157996 - crlutil should have a way to import CRLs without checking issuer

Status: RESOLVED FIXED

(NSS :: Tools, defect, P2)

Description

[Julien Pierre]

The mozilla browser uses SEC_NewCrl to import a CRL, which bypasses the check
for the certificate of the issuer CA.
However, crlutil uses CERT_ImportCRL, which has that check. This makes it hard
to test bugs coming from mozilla.

I propose a new -B option (B for "bypass check" or "browser emulation") that
will make the alternate call.

Comment 1

[Julien Pierre]

Attachment: add -B option to use SEC_NewCrl

Comment 2

[Julien Pierre]

checked in

Checking in crlutil.c;
/cvsroot/mozilla/security/nss/cmd/crlutil/crlutil.c,v  <--  crlutil.c
new revision: 1.9; previous revision: 1.8
done

Comment 3

[Wan-Teh Chang]

Comment on attachment 91707 [details] [diff] [review]
add -B option to use SEC_NewCrl

>+    fprintf(stderr, "\n%-20s Bypass CA certificate checks (browser emulation).\n", "-B");

I suggest removing "(browser emulation)" from the usage message.
It makes no sense to someone who hasn't read this bug.

Do you think the -B option would be useful to other NSS tools
such as certutil?

Comment 4

[Julien Pierre]

Wan-Teh,

OK, I will remove the (browser emulation).

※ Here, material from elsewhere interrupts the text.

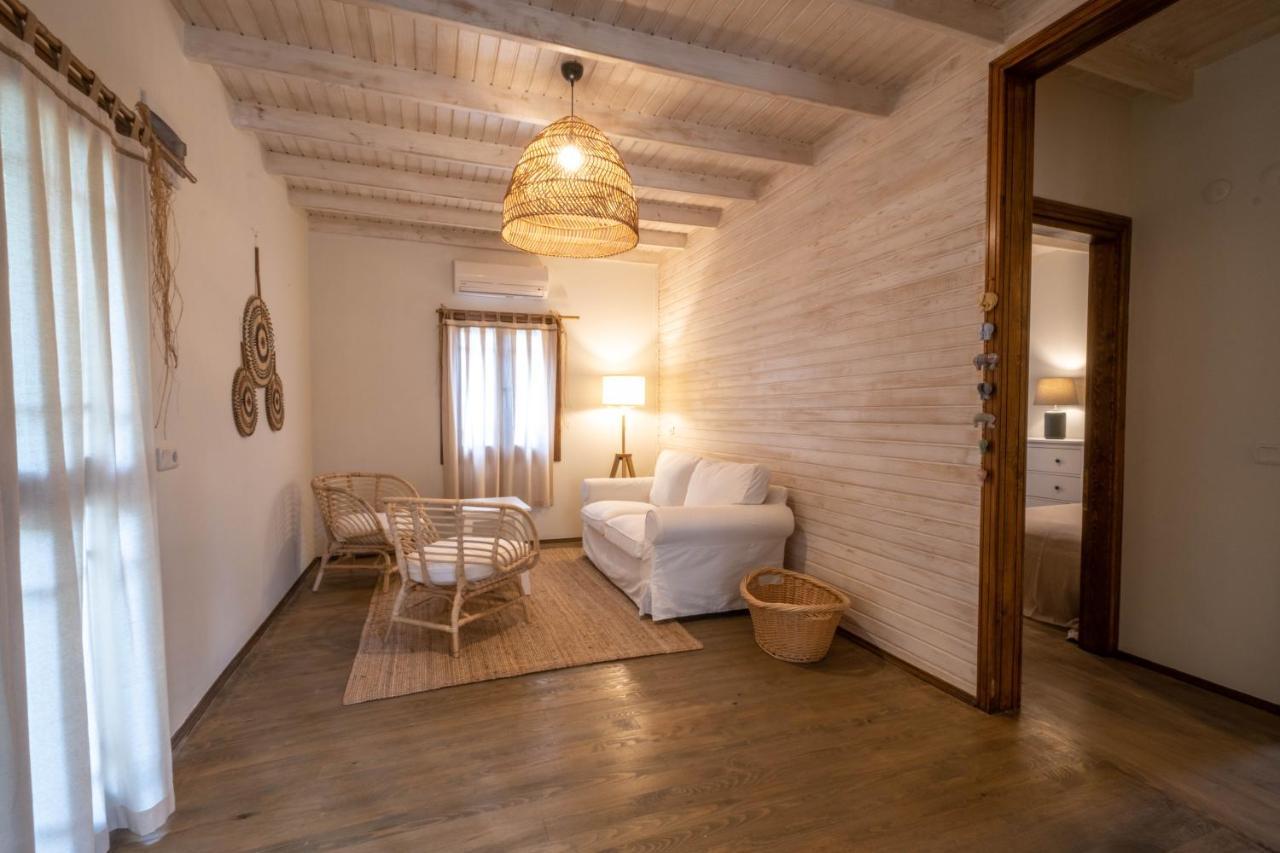 Akdeniz Bahcesi Tatil Evi Çıralı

I am not sure if the same logic would apply to certutil. I don't think it will
prevent you from importing a cert if it doesn't know its issuer, like this
import crl function is doing. Nelson, do you know if that's the case ?

Comment 5

[Nelson Bolyard (seldom reads bugmail)]

Certutil calls CERT_DecodeCertFromPackage to extract the first certificate
(only) from the input file, and put it in the temp cert DB with a call
to CERT_NewTempCertDB().  

Then Certutil calls PK11_ImportCert to store the cert into a token in a 
specified slot.  AFAIK, that function doesn't check signatures or require
trust.  But it was rewritten in NSS 3.4, so I'm not so sure now.